26

I WAS TWENTY-NINE and still striking when this old hero put on the first comic mask . . . ?” Liberty stares hard at the paper. “‘Still striking’ is what you say about old people when they still look attractive. That they’re ‘still striking.’” She sighs. “And who was the first superhero to put on a mask? Superman? Was Lois Lane supposed to be a striking twenty-nine-year-old or something?”

I smile. “Superman was early, but he wasn’t the first costumed superhero. Come on! You should know this—there was a Clock comic in the stack you lent me from your uncle’s moving boxes.”

Her eyebrows shoot up. “You’re kidding me. How can you possibly know this? I don’t know whether to be impressed or horrified.”

Come on! I couldn’t not research that old Clock comic. “He was the first masked superhero—mid-1930s. Predates Superman. The Clock was a lawyer by day, and wore a regular, old-fashioned suit and hat with his mask. And when he’d solved a crime or knocked out a bad guy, he left a calling card that said The Clock Has Struck.”

“The clock has struck . . . So, a striking clock. A clock that’s still striking?” Liberty says, slowly, thinking it through. “But what about the next two lines? My hands still work. But where am I now? That’s what you need to ask?”

“Definitely sounds like they mean a real clock.” I start to breathe quicker. “An old clock that’s still working. That’s maybe located somewhere around here.”
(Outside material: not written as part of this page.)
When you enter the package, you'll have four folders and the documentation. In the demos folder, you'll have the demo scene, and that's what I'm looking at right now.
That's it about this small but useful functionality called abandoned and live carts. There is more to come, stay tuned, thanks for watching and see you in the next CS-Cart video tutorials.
“Okay. So. A clock that was twenty-nine years old, back in the mid-1930s—a clock that was built around 1900 or so.”

We head back to the library information desk. The super-slow gray-ponytailed librarian is right where we left him.

“YOU talk to him,” I say, nudging Liberty.
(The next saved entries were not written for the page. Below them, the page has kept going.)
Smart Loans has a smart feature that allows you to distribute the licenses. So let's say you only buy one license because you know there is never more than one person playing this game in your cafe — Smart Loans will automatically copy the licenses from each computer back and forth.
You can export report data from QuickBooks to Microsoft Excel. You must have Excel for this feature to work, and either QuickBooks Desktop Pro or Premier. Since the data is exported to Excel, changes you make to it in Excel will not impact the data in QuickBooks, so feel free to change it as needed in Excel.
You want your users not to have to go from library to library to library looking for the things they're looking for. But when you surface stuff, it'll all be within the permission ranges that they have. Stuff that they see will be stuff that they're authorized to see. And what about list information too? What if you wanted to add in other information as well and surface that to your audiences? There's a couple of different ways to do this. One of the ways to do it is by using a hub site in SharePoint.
She rolls her eyes but she steps forward. “Sir? We’re looking for local information,” Liberty says. “Do you know anything about a sort of old clock somewhere within walking distance of here? Something built around 1900?”

He slowly, slowly reaches his hand down behind the desk and brings up a rubber-banded stack of tourist brochures. “Well . . . yeah . . .” He thumbs slowly through them, and finally hands one over.

It says Welcome to Horton Plaza on the cover. I think my mom’s gone shopping there before. Yes. It’s a downtown shopping complex. “There’s . . . an old clock . . . somewhere . . . in that plaza . . . ,” says the super-slow librarian. “Is that . . . what you mean?”

“That is so what we mean,” says Liberty breathlessly. We thank him, and we’re off, sprinting toward Horton Plaza as fast as we can.